Although the actual town involved in the real story of the "Chicken Ranch" is located a few miles north of Hallettsville on Highway 77, film makers chose the town's historic Lavaca County Courthouse square to serve as backdrop for the city scenes in The Best Little Whorehouse in Texas, the 1982 musical starring Burt Reynolds and Dolly Parton.

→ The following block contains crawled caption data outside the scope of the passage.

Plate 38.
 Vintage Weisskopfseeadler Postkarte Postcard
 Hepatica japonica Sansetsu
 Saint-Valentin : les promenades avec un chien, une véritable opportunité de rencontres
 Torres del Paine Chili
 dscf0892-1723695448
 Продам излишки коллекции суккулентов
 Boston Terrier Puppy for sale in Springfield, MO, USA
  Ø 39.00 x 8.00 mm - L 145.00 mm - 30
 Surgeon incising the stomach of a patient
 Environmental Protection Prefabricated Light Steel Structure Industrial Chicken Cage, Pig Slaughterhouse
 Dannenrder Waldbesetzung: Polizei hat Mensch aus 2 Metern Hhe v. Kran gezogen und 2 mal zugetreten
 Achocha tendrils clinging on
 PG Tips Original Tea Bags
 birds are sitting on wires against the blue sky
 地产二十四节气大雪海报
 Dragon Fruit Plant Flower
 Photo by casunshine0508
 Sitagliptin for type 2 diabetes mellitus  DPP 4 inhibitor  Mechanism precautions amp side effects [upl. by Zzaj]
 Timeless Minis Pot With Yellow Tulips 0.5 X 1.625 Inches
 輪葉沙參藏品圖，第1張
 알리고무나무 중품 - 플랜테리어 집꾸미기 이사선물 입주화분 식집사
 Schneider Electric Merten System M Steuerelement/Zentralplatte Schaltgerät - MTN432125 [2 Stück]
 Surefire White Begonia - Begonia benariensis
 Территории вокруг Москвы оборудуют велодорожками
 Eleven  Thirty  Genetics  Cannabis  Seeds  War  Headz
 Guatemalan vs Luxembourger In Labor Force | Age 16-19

Hallettsville is also the featured location in the 2009 horror film titled Hallettsville, which stars Gary Busey and Derek Lee Nixon.

The town is mentioned in the Robert Earl Keen song "Armadillo Jackel" as the place where they pay $2.50 for dead armadillos.

Ripley's Believe It or Not! once called Hallettsville the "13 City" because in 1913 it had 13 letters in the name, a population of 1300, 13 churches, 13 newspapers, and even 13 saloons.

The town is also visited by Antoine de Maximy for the French TV show J'irais dormir chez vous (in English I'll Come Sleep in Your House), during his journey in the United States.